_COLLECTED MATERIAL_

/---

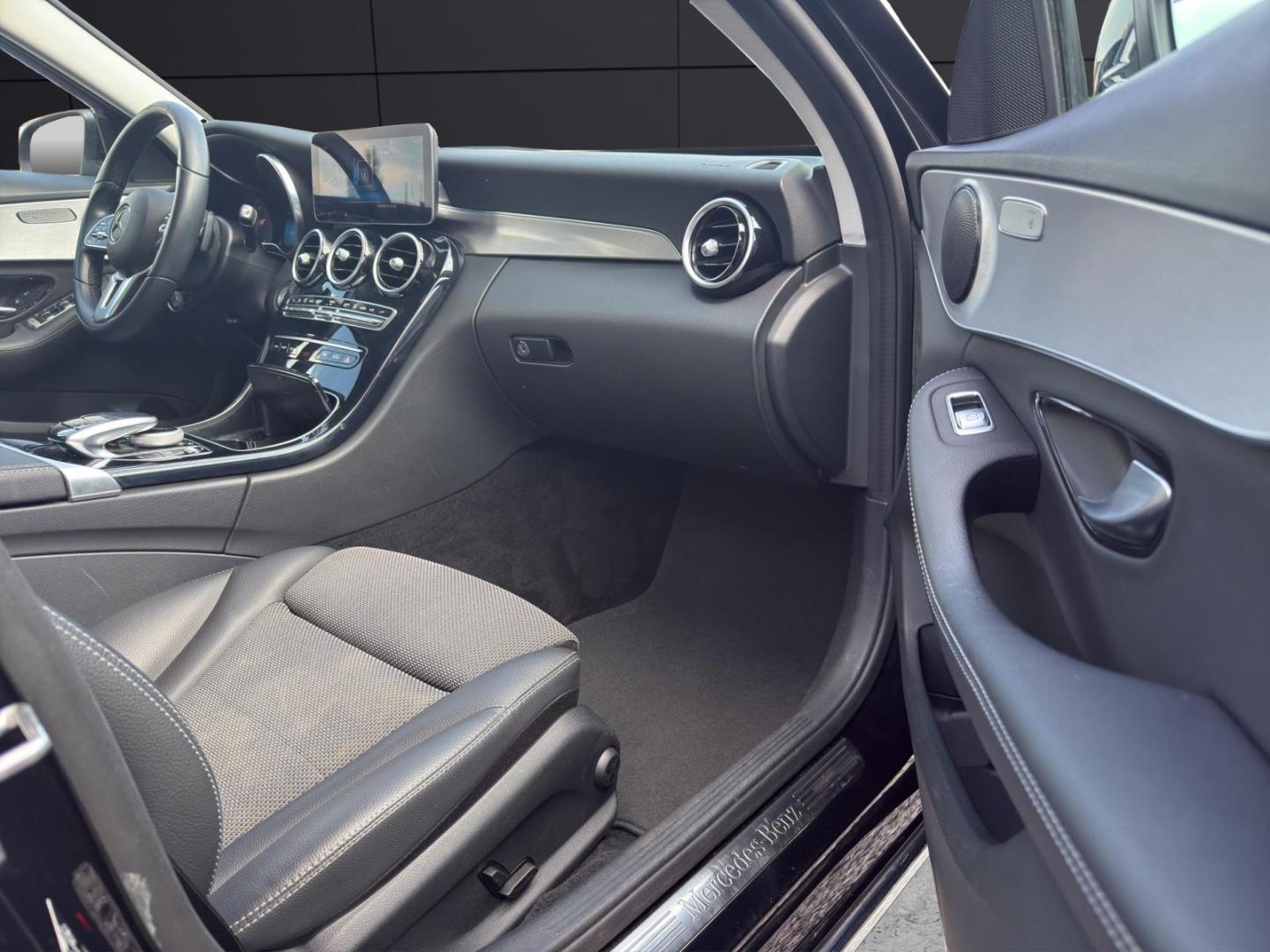 Mercedes-Benz C-Class T de Plug-in Hybrid Panodach Navi Kamera L, миниатюра 25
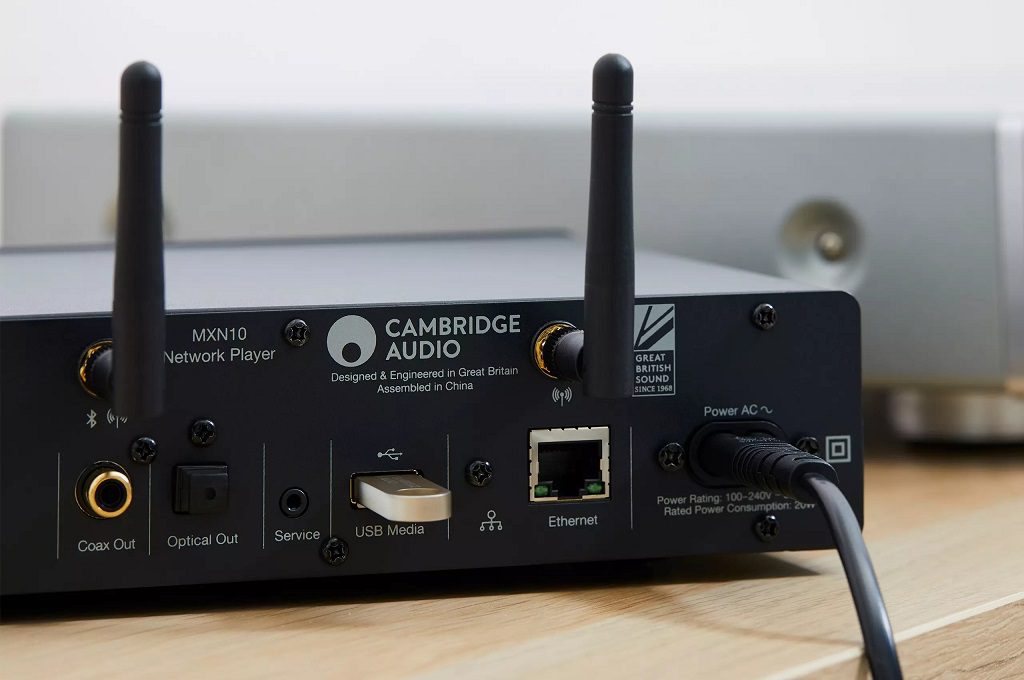 Cambridge Audio MXN10 grijs - lifestyle - Audio streamer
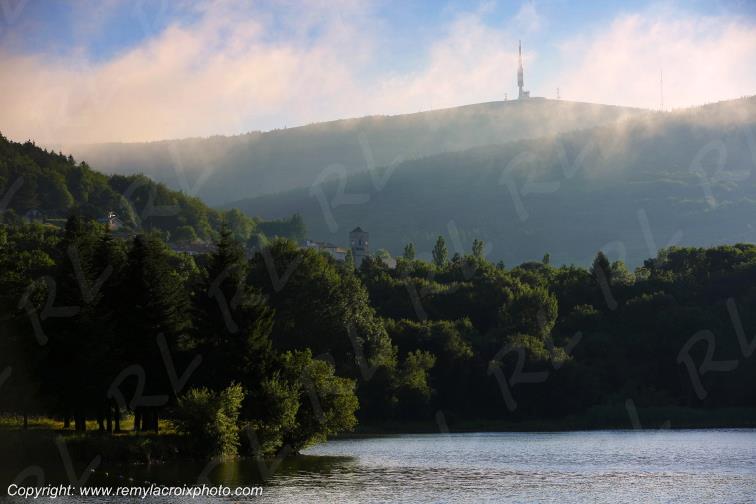 Lac de Pradelles-Cabard�s Pic de Nore Aude France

\---

_TASK BRIEF_
After locating the line that holds "Cambridge Audio MXN10", output exactly the lines from it through the last line of the material above, inclusive, without pictures.

_ANSWER TO THIS PROBLEM_
 Cambridge Audio MXN10 grijs - lifestyle - Audio streamer
 Lac de Pradelles-Cabard�s Pic de Nore Aude France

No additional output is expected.